To put that in context, the digital revolution is gathering pace and that will have a profound effect on the alternatives available to young school leavers. The McKinsey Global Institute recently listed what it described as Disruptive Technologies: Advances that will Transform Life, Business and the Global Economy. The first was the mobile internet. The second was the automation of knowledge work. The third was the growing network of sensors embedded in our lifestyles—the internet of things. At number four was that other arcane advance, cloud technology. Fifthly, there was the more familiar threat to jobs: advanced robotics. Those are the five horsemen of the digital apocalypse, as sketched by the consultants of McKinsey.

The risk to jobs is also highlighted by Oxford University academics Carl Frey and Michael Osborne, who conclude that jobs are at risk of being automated in almost half of all occupational categories over the next two decades, including repetitive functions in management and professions largely untouched until now, such as law, accounting, medicine and academia.

It is not easy to give career advice on how young people might shelter from this gathering storm. When the Economist listed the jobs most likely to survive computerisation, in its inimitable way it led with recreational therapy, then dentists, then personal trainers and then—the right reverend Prelate will be glad to hear—members of the clergy. The serious point is that almost all alternatives for young people not going to university will also be digitised; therefore, the factor that might be of most help to most young people will be to improve their digital skills.

The trend in the jobs market points towards self-employment and the forced flexibility of contract work. An insecure portfolio future of short projects, collaboration, marketing and pitching for work will require good social skills and familiarity with all aspects of social media online. A positive hope is that the popularity of social media among young people, with all its risks and allure, will help close the gender gap, with more young women keen to learn digital skills. As we heard from the noble Lord, Lord Addington, technology and online access may also be a new way into work for people with disabilities and could encourage ethnic groups into wider roles across the economy.

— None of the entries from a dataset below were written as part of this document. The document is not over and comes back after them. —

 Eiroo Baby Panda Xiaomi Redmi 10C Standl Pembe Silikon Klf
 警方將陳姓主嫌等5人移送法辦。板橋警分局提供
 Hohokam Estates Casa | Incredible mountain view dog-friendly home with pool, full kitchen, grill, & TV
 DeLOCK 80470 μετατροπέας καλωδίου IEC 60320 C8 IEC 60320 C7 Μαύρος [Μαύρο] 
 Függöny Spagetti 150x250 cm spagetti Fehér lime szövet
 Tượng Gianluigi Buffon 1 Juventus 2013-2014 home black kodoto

I confine myself to recommendations from our Labour reviews on education and the need to start with smaller steps on the first rungs of the ladder. A promising start has been made in English primary schools with a new computing curriculum. The view of Labour and our commissioned digital skills report is that we should now ensure that each school has the funding to support the ambition. Similarly, teachers must be trained in computing as a matter of urgency through properly resourced continuous professional development. Each school could be encouraged to recruit a governor with expertise in computing and they could network best practice across their local schools. Business and professional bodies should collaborate to create a national online service dedicated to digital career advice. The pressing importance of digital skills must be acted on now at all levels of education. Additionally, schools could have a key role in hosting community access to digital infrastructure and expertise. Beyond the school gates, as the right reverend Prelate the Bishop of Coventry said, further education institutions could play a key role if they are able to adapt quickly to the new priorities.

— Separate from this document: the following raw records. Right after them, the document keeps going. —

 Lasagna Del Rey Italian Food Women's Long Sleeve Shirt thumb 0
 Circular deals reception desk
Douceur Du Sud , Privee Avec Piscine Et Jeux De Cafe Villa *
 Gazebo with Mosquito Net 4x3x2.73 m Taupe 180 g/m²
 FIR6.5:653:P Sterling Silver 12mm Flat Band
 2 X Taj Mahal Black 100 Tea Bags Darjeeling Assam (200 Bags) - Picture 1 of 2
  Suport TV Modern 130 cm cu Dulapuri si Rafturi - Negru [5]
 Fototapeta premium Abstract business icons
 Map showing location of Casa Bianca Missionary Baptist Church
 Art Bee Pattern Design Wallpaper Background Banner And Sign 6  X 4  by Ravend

In conclusion, I do not think that this Government or previous Labour Governments have done too badly compared to global competitors across the developing digital economy. The digital revolution is now global and constantly changing, so a degree of confusion and false starts is inevitable. However, a priority for government in this area must be to reduce the bewildering number of overlapping organisations and initiatives—that blizzard of acronyms referred to by my noble friend Lord Monks. The Government should rationalise, cut duplicated costs and ensure that young people exploring their career options can navigate the digital world with skill and confidence. Can the Minister tell the House what progress they have made in cutting through the clutter?